> DESCRIPTION OF THE TASK:
Since the listing below shows pictures, leave them out and write out exactly the lines from the line with "Need computer training" to the line with "Before we go", both included, and no others.

> INPUT DATA:

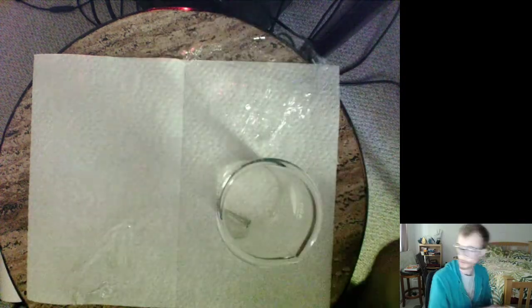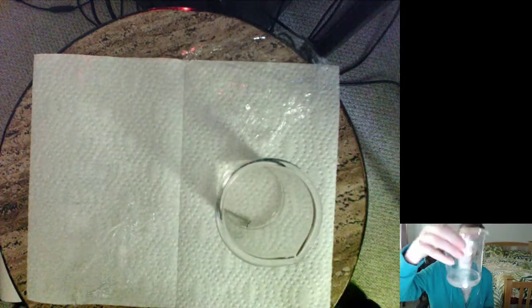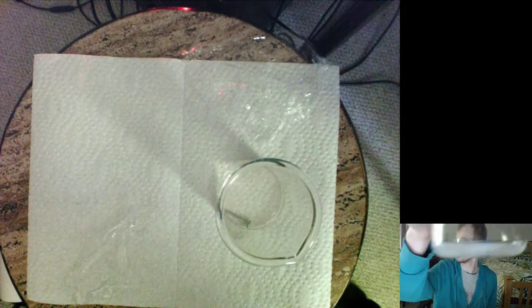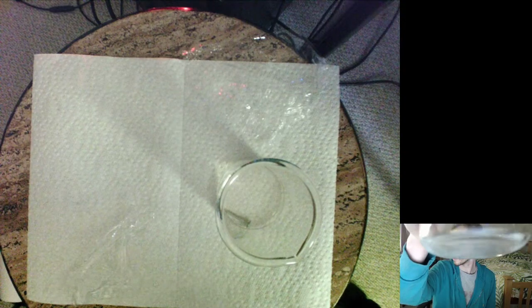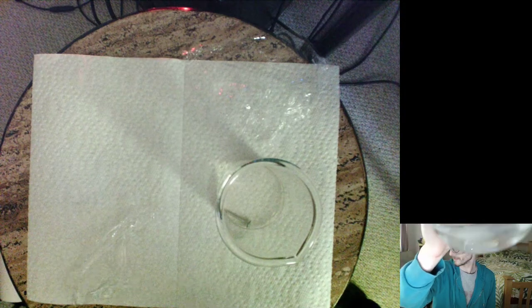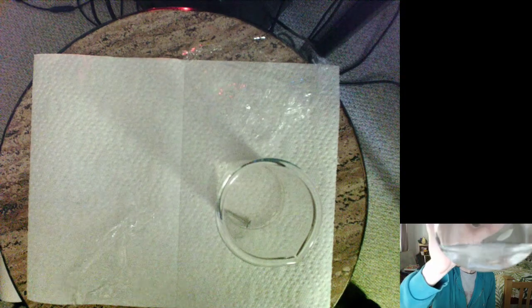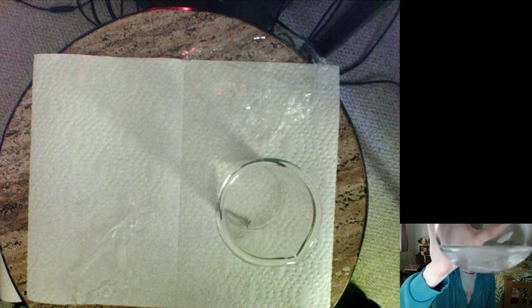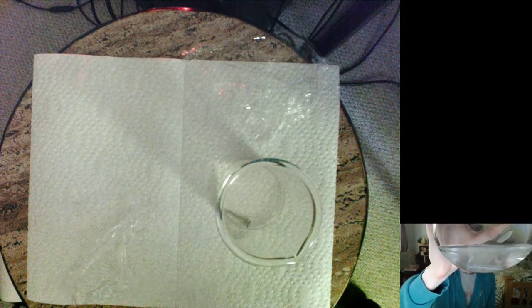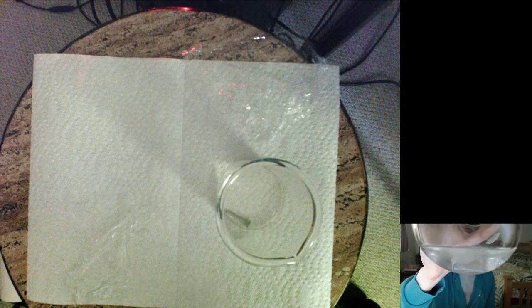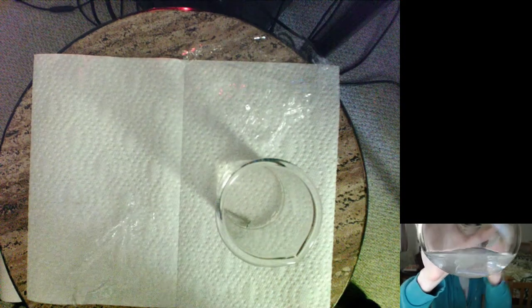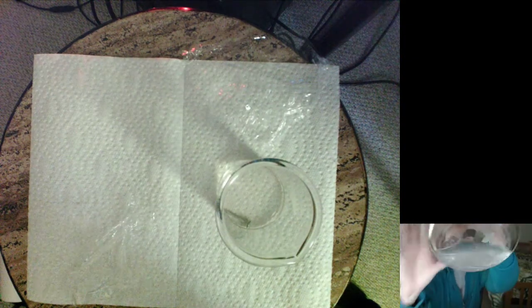Might still be difficult to see. Let me try on this camera. Oh yeah, you can definitely see that. Let me just blow up this screen.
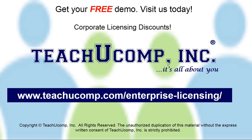Need computer training for a group or office? Contact us today to get a free demo of our training at www.teachucomp.com/enterprise-licensing.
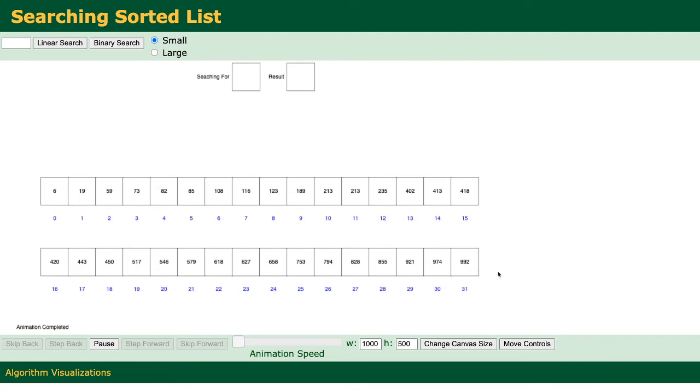Before we go any further, take a minute to see if you can spot something different about this array.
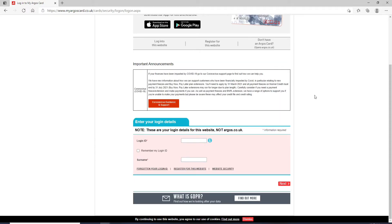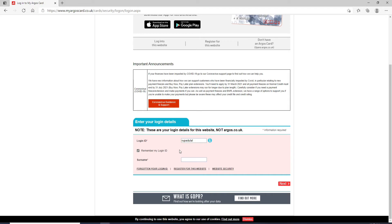Start by entering your login ID in the first text field. If you want the system to remember your login information, then click on 'Remember my login ID'. But if you are using a public device or a shared device, make sure to uncheck this box. Now enter your surname in the next text field.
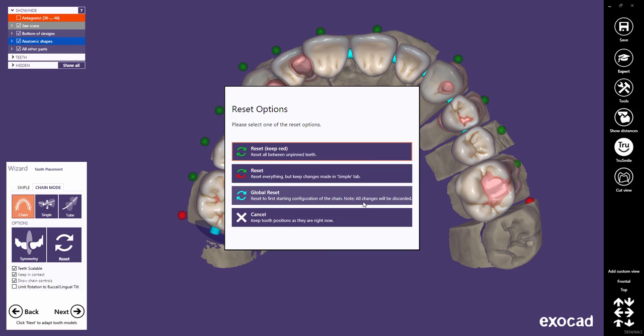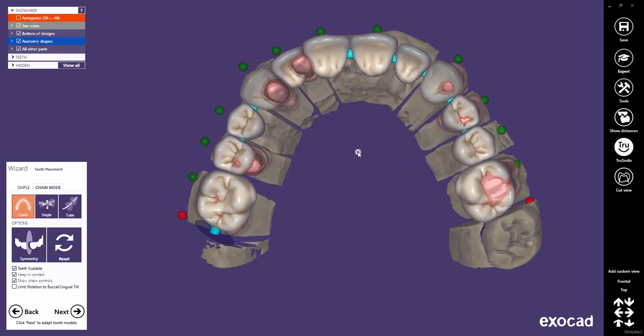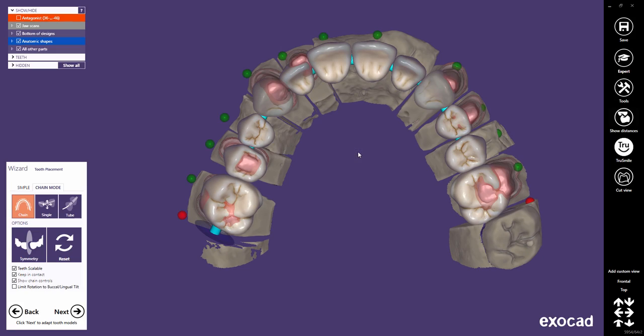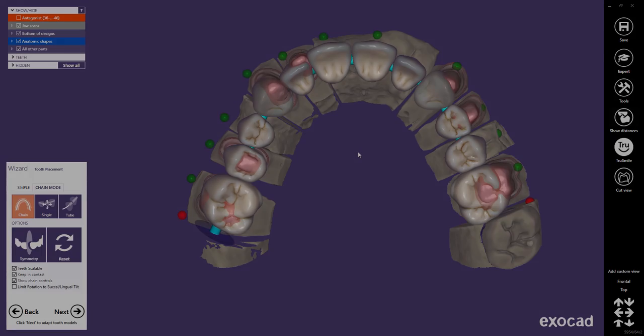The third option resets everything to the initial tooth placement. The last option closes the reset window and all tooth positions remain as they are. Let's choose Reset, as it might be the most important reset.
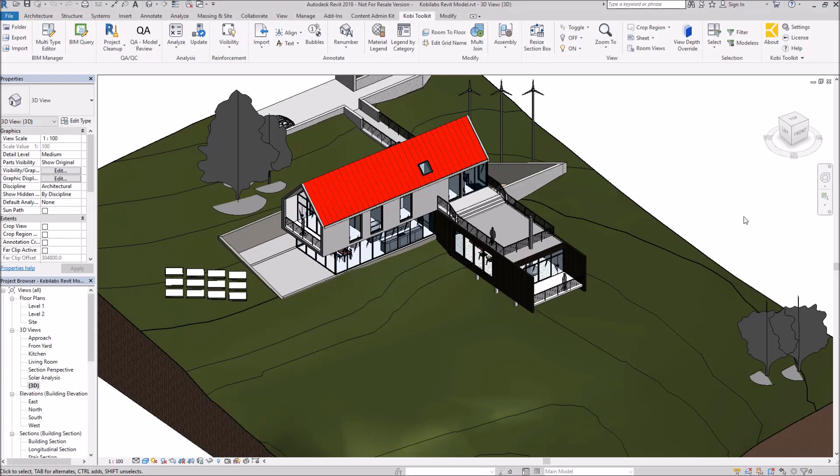Welcome to this short video on BIM Query. BIM Query allows the user to modify data in their model via an Excel spreadsheet or an Excel spreadsheet looking interface.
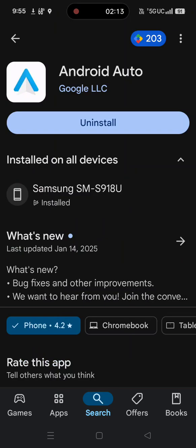Once you enable USB debugging in your settings, unplug your OnePlus 13 from your car and plug it back in. Android Auto will then populate on your phone screen and you can use it just normally like you would expect to, but it will not work until you enable USB debugging.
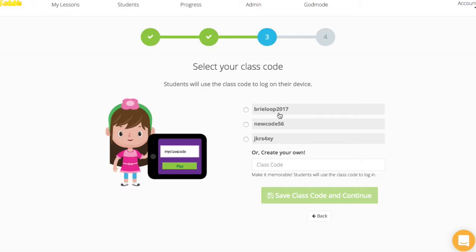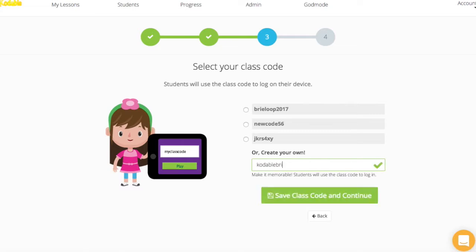Your teacher dashboard will automatically generate available class code options for you, but we know it's easier for students to remember a code that isn't a combination of random letters and numbers. Anyone using your class code can access your class roster, so you can't have a code that's already in use. Choose something unique like a code that uses your school or teacher name in combination with a grade or simple sight words combined with your school or teacher name.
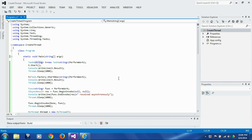In our last session we saw how to pass parameters to the function that is being launched on a separate thread. In this session we are going to look into how to get return values from the function that is running on the separate thread.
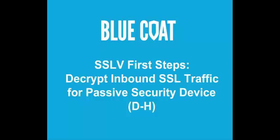Welcome to the Blue Coat SSL Visibility Appliance First Steps. This video tutorial describes the deployment scenario of the SSLV appliance configured to decrypt inbound traffic and send it to a passive security device in a network that uses the Diffie-Hellman key exchange method. If there is a power failure, all traffic will be forwarded to the other side of the network without decryption and bypass the security device. We will perform the following activities to complete the configuration.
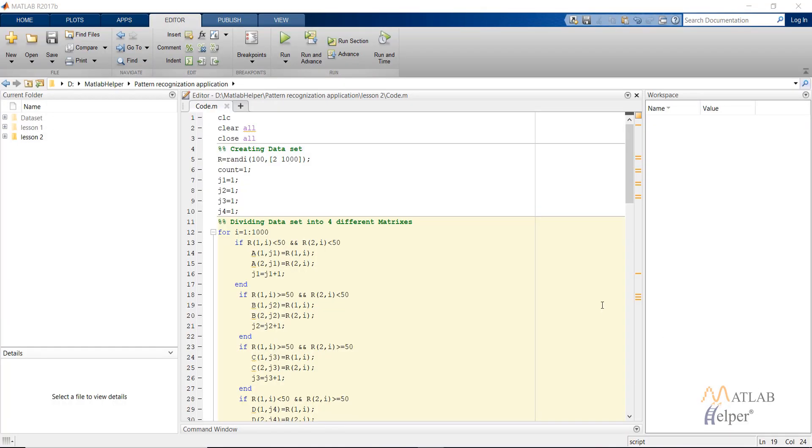Hello everyone, in this video tutorial, we are going to look at how to create a script for creating a pattern recognition neural network in MATLAB.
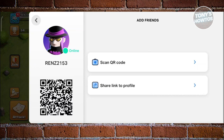If you want to share a link to your profile, you can choose Share Link to Profile and select whatever platform — for example, Messenger, Snapchat, or any other apps you have. Currently, this is the only way to start connecting with your friends.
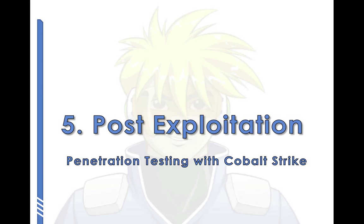Hi, my name is Rafael Mudge, and welcome to Part 5 of Penetration Testing with Cobalt Strike.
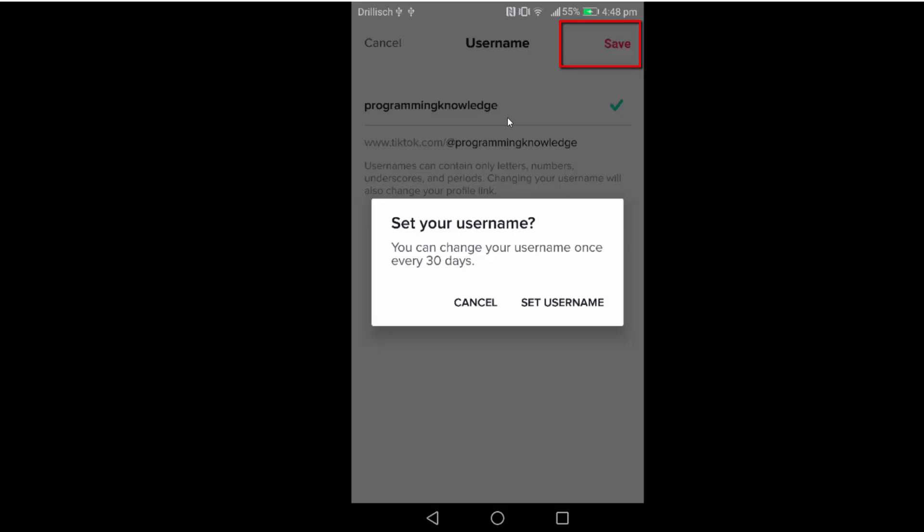You can see this message which says you can change your username once every 30 days. So after changing your username, you cannot change it for 30 days and then after 30 days once again you are allowed to change your username.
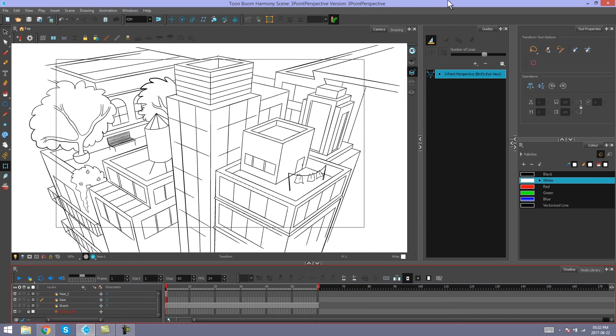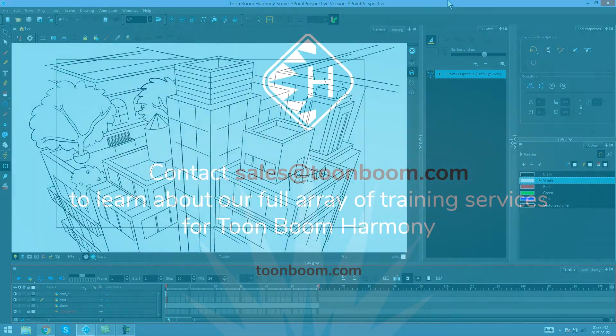I'm back and I've done my neat sketch with my 3 point perspective bird's eye view guides. And I've got a little rooftop thing going on over here. And that's it. That's what you can do with your 3 point perspective guides. I hope this helped you guys out and that you enjoyed it.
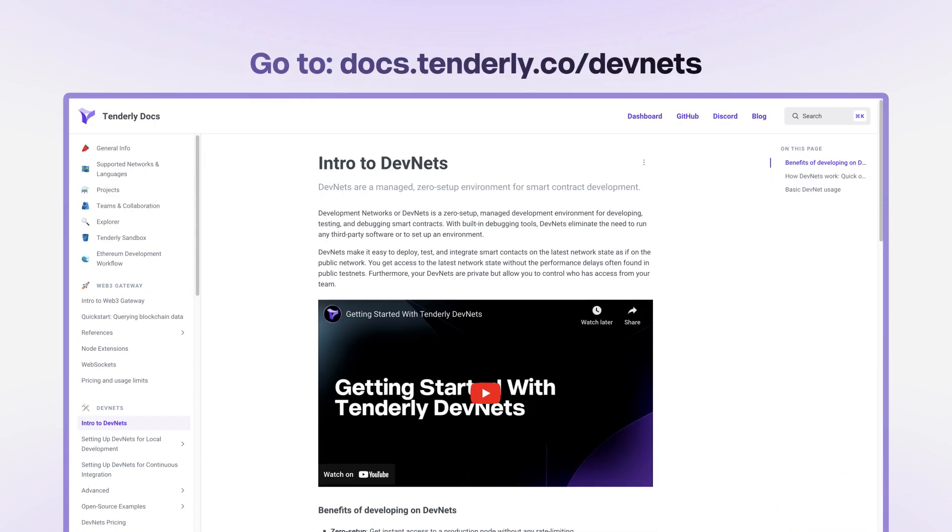To get the most out of your Devnets, be sure to check out the documentation, where you can find more tutorials, code snippets, and helpful resources.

> SOLVED EXERCISE:
Need computer training for a group or office? Contact us today to get a free demo of our training at www.teachucomp.com/enterprise-licensing.
Before we go any further, take a minute to see if you can spot something different about this array.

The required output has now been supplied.